Şeref Yılmaz 'Konsolosun Köpeği'ndeki hikayelerini hep Doğu'nun şehirlerinde kurgulamış. Yılmaz'a göre Doğu'nun ve doğuşun şehirleri Batı'yı anlamada anahtar
Daha önce iki demene kitabı yayınlamıştı Şeref Yılmaz; Sürmeli Türkçe ve Erguvan Hasreti. Bir şiir bir de gezi yazıları kitabı olan Yılmaz'ın ilk hikaye kitabı Konsolosun Köpeği. Yılmaz, hikayelerinin çoğunda uzak coğrafyaların şehirlerini seçmiş mekan olarak. Ama kahramanıyla okurunu bir ortak kaderde buluşturmayı başarmış. Çünkü gezip gördüğü yerlerden alıp heybesinde biriktirdiklerinden çokça kullanmış kurgu içinde. Böyle olunca kültürler içiçe geçmiş, zamanlar da. Güle aşık bülbül bile uçup gelmiş klasik edebiyattan, modern hikayeye.

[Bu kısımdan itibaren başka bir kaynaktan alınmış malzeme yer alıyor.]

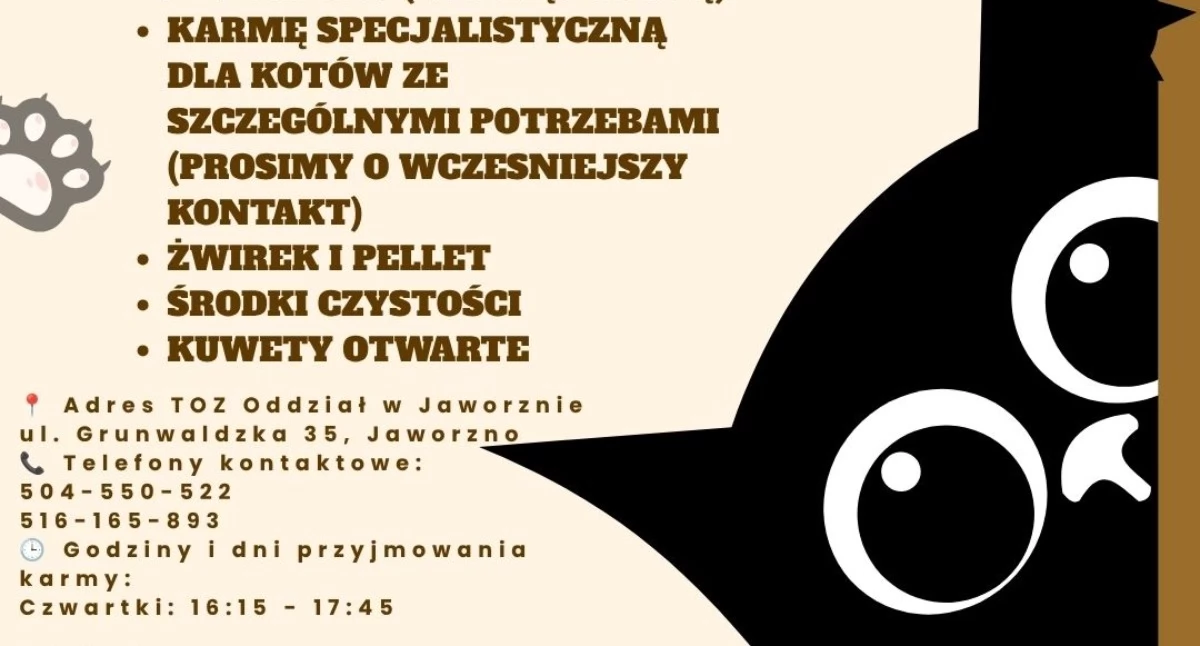Życie miasta, Jaworzno organizuje zbiórkę kotów Potrzebna karma środki codziennej opieki - zdjęcie, fotografia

Konsolosun Köpeği ilk hikâye kitabımız... Bu hikâyeler uzun süredir bekliyordu. Kitaptaki ithaftan da anlaşılacağı gibi bu hikâyelerin ortaya çıkışına vesile olan, bu konuda bizi cesaretlendiren ve teşvik eden Ömer Lekesiz oldu. Bu hikâyelerin ilkiyle sonu arasında yirmi senelik bir zaman dilimi var. Konsolosun Köpeği'nde yer alan "Ekmek Parası" isimli hikâye, benim ilk hikâyemdir. Fakülteye girişimin ilk senesinde (1987) yazmıştım. Yakın tarihte yazdığım bazı hikâyeleri kitaba alma gereği duymazken onu aldım. Bu hikâyeyi bir kenara koyacak olursak diğerlerinin arasında on sene var. Bu demektir ki ben ilk hikâyemi yazdıktan sonra on sene hikâye yazmamışım. Ama bu aynı zamanda şu anlama da geliyor: Ben on senedir hikâye yazıyorum. Hikâyeyi sevdiğimi biliyorum. Uzun zamandır hikâye ustalarını okumakla meşgulüm... Kendim hikâye yazma gereği duyduğumda kafamdaki teknik bilgiler ve edebi endişelerle oturdum yazının başına... Buna rağmen bu hikâyelerin edebi açıdan nerede durduğunu bilemediğim için hep beklettim.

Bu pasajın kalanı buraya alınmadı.